KDD2020

Multimodal Machine Learning for Video and Image Analysis

Shalini Ghosh

1 citation

Abstract

In this talk, we will first discuss multimodal ML for video content analysis. Videos typically have data in multiple modalities like audio, video, and text (captions). Understanding and modeling the interaction between different modalities is key for video analysis tasks like categorization, object detection, activity recognition, etc. However, data modalities are not always correlated -- so, learning when modalities are correlated and using that to guide the influence of one modality on the other is crucial. Another salient feature of videos is the coherence between successive frames due to continuity of video and audio, a property that we refer to as temporal coherence. We show how using non-linear guided cross-modal signals and temporal coherence can improve the performance of multimodal ML models for video analysis tasks like categorization. We also created a hierarchical taxonomy of categories internally.
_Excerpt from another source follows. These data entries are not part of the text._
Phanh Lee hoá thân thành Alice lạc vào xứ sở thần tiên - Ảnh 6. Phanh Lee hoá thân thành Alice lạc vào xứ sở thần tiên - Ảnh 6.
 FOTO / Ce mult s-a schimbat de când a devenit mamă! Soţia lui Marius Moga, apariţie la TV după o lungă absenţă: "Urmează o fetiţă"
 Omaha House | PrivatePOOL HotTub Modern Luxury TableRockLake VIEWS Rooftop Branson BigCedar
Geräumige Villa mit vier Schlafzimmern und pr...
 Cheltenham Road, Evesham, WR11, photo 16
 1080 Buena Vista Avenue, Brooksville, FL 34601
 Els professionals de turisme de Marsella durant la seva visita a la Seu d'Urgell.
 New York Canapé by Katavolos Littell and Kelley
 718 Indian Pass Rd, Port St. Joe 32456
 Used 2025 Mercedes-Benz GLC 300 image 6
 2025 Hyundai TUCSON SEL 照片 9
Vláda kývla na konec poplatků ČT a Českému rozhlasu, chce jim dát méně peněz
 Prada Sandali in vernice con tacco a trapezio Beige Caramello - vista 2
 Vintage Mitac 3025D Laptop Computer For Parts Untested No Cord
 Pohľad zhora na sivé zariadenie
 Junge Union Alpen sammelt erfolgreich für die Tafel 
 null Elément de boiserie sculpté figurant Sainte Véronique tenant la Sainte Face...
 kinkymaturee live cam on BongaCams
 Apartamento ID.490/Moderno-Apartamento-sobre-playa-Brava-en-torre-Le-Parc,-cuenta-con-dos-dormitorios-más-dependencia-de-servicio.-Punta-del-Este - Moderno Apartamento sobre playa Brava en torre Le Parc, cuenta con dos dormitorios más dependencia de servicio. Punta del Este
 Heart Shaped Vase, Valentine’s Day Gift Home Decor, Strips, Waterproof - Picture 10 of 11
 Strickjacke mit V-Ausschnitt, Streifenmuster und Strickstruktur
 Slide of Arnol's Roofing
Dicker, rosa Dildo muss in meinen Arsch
Our experiments on the large-scale YouTube-8M dataset show how our approach significantly outperforms state-of-the-art multimodal ML model for video categorization using our taxonomy, as well as generalizes well to an internal dataset of video segments from actual TV programs. The next part of the talk will briefly discuss our work on explainability of multimodal ML models. We will conclude the talk by outlining other multimodal ML applications like incremental object detection and visual dialog, and discuss potential applications of multimodal ML to various domains.